В книге рассказывается история главного героя, который сталкивается с различными проблемами и препятствиями на протяжении всего своего путешествия. По пути он встречает множество второстепенных персонажей, которые играют важные роли в истории. Благодаря опыту главного героя книга исследует такие темы, как любовь, потеря, надежда и стойкость. По мере того, как главный герой преодолевает свои трудности, он усваивает ценные уроки жизни и растет как личность.
Эти биографические очерки были изданы около ста лет назад в серии «Жизнь замечательных людей», осуществленной Ф.Ф.Павленковым (1839-1900). Написанные в новом для того времени жанре поэтической хроники и историко-культурного исследования, эти тексты сохраняют ценность и по сей день.

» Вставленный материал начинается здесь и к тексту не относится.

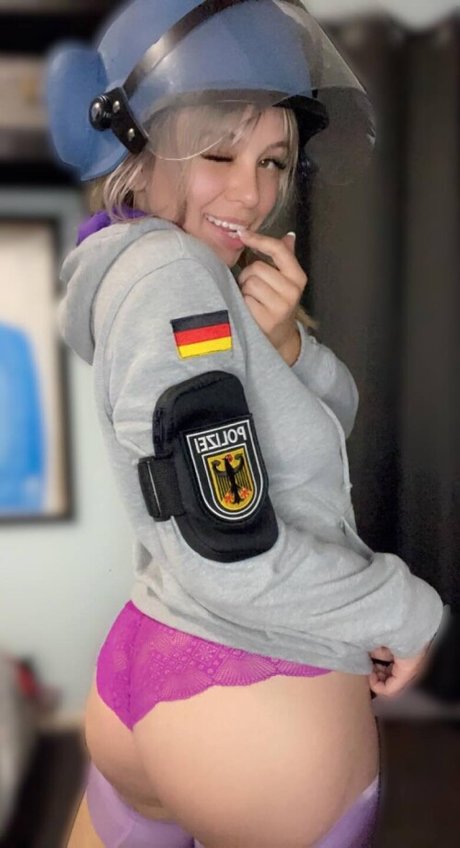 Ellactrical sexy actress pics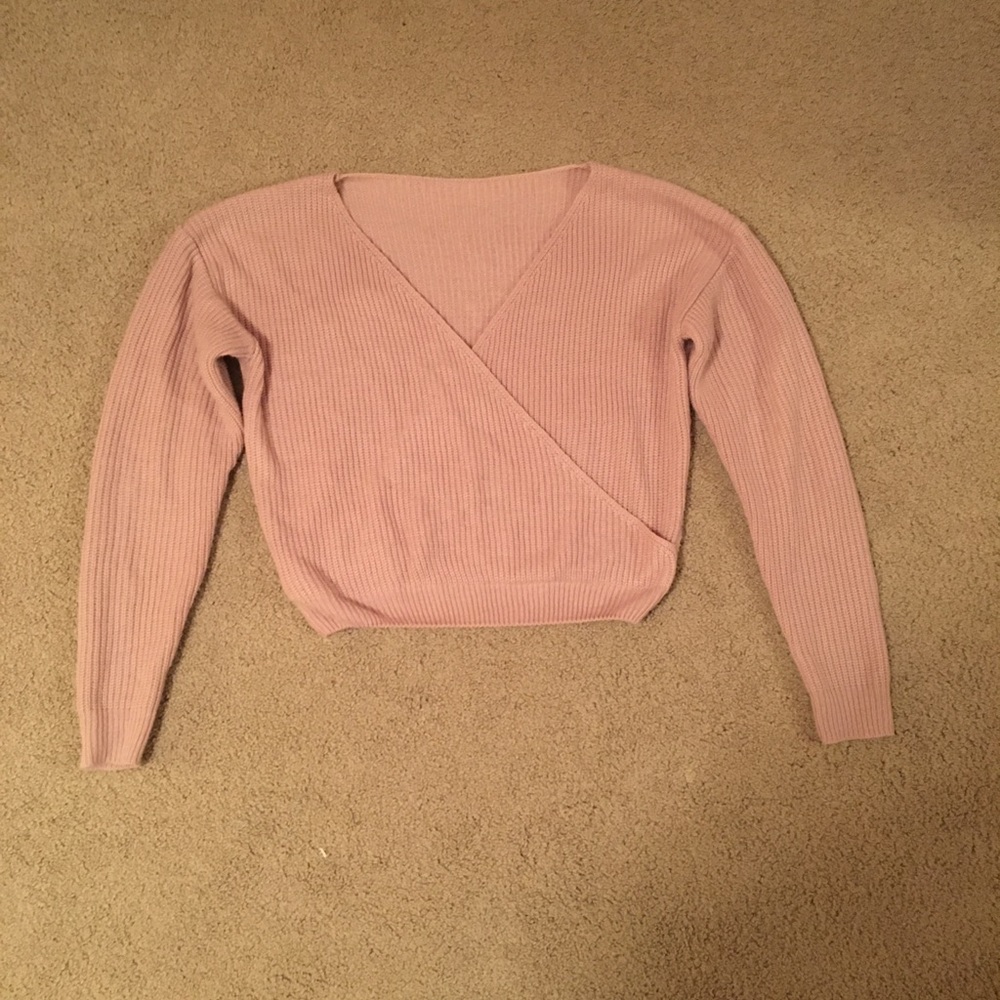 Cropped pink sweater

Писавшиеся «для простых людей», для российской провинции, сегодня они могут быть рекомендованы отнюдь не только библиофилам, но самой широкой читательской аудитории: и тем, кто совсем не искушен в истории и психологии великих людей, и тем, для кого эти предметы – профессия.
В книге рассказывается история главного героя, который сталкивается с различными проблемами и препятствиями на протяжении всего своего путешествия. По пути он встречает множество второстепенных персонажей, которые играют важные роли в истории. Благодаря опыту главного героя книга исследует такие темы, как любовь, потеря, надежда и стойкость. По мере того, как главный герой преодолевает свои трудности, он усваивает ценные уроки жизни и растет как личность.
В книге рассказывается история главного героя, который сталкивается с различными проблемами и препятствиями на протяжении всего своего путешествия. По пути он встречает множество второстепенных персонажей, которые играют важные роли в истории. Благодаря опыту главного героя книга исследует такие темы, как любовь, потеря, надежда и стойкость. По мере того, как главный герой преодолевает свои трудности, он усваивает ценные уроки жизни и растет как личность.